● Supplied material:
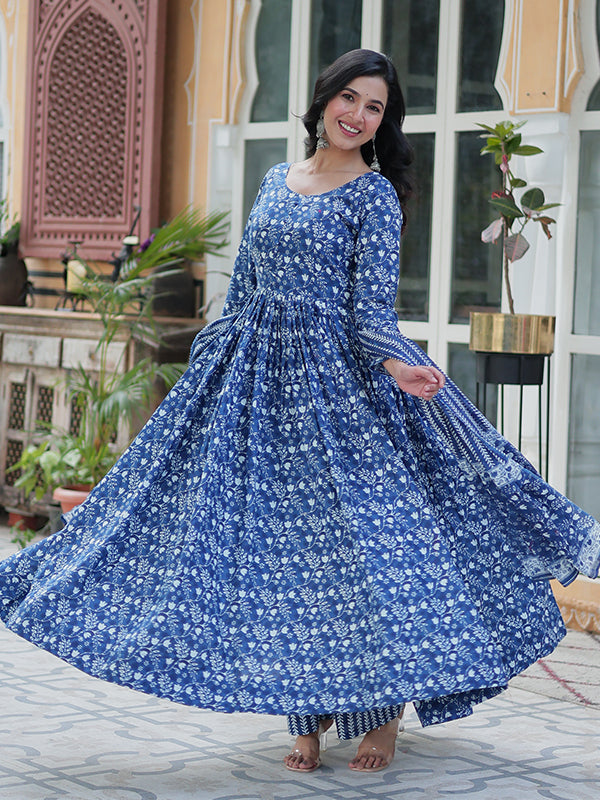 Blue Floral Printed Cotton Gown With Pant & Dupatta Set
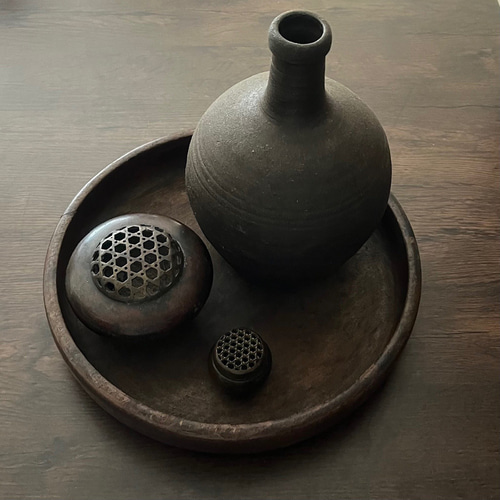 アンティーク レトロ 昭和 くり抜き無垢盆 お盆・トレイ antique art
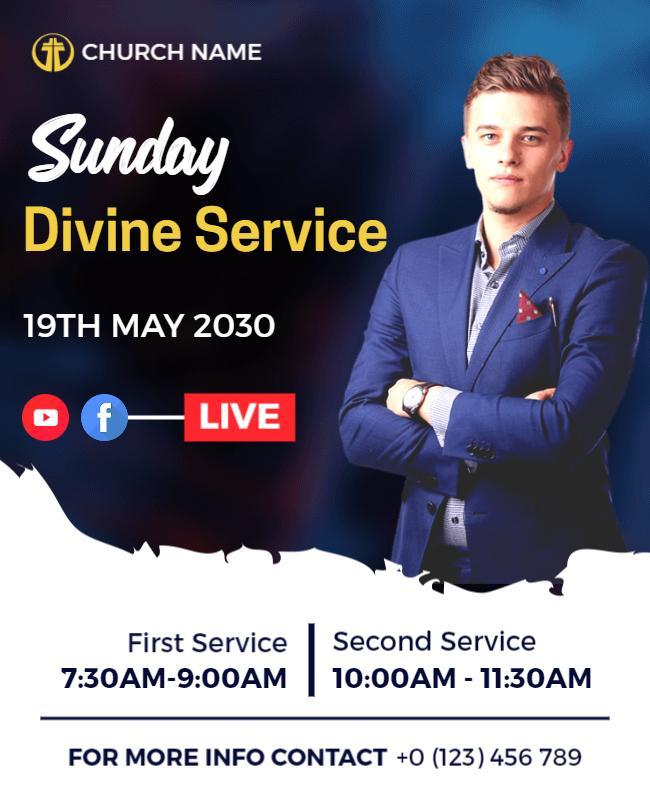 Elegant Blue Divine Sunday Service Announcement Poster Template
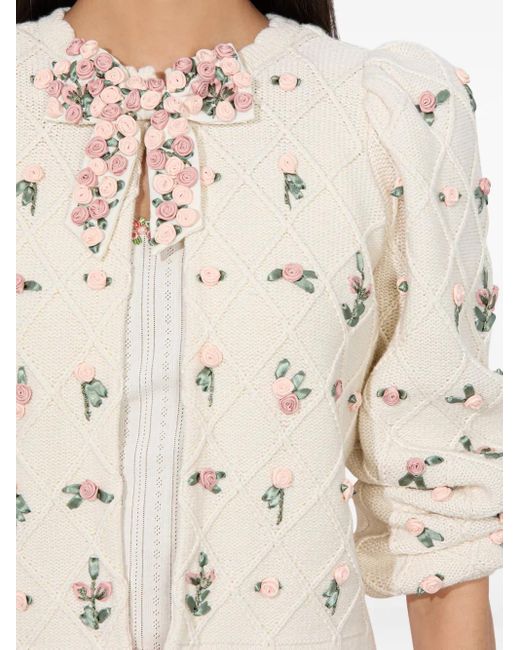 Alice + Olivia White Kitty Cardigan mit Blumen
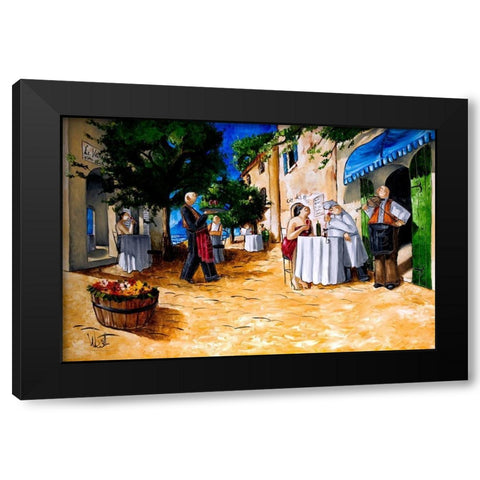Lunch at Cafe Le Vitto Black Modern Wood Framed Art Print with Double Matting by West, Ronald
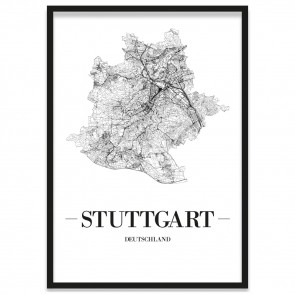 Stadtposter Stuttgart mit Bilderrahmen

● Exercise goal:
Everything in the records must be transcribed exactly, except the pictures, which are left out.

● The answer:
 Blue Floral Printed Cotton Gown With Pant & Dupatta Set
 アンティーク レトロ 昭和 くり抜き無垢盆 お盆・トレイ antique art
 Elegant Blue Divine Sunday Service Announcement Poster Template
 Alice + Olivia White Kitty Cardigan mit Blumen
Lunch at Cafe Le Vitto Black Modern Wood Framed Art Print with Double Matting by West, Ronald
 Stadtposter Stuttgart mit Bilderrahmen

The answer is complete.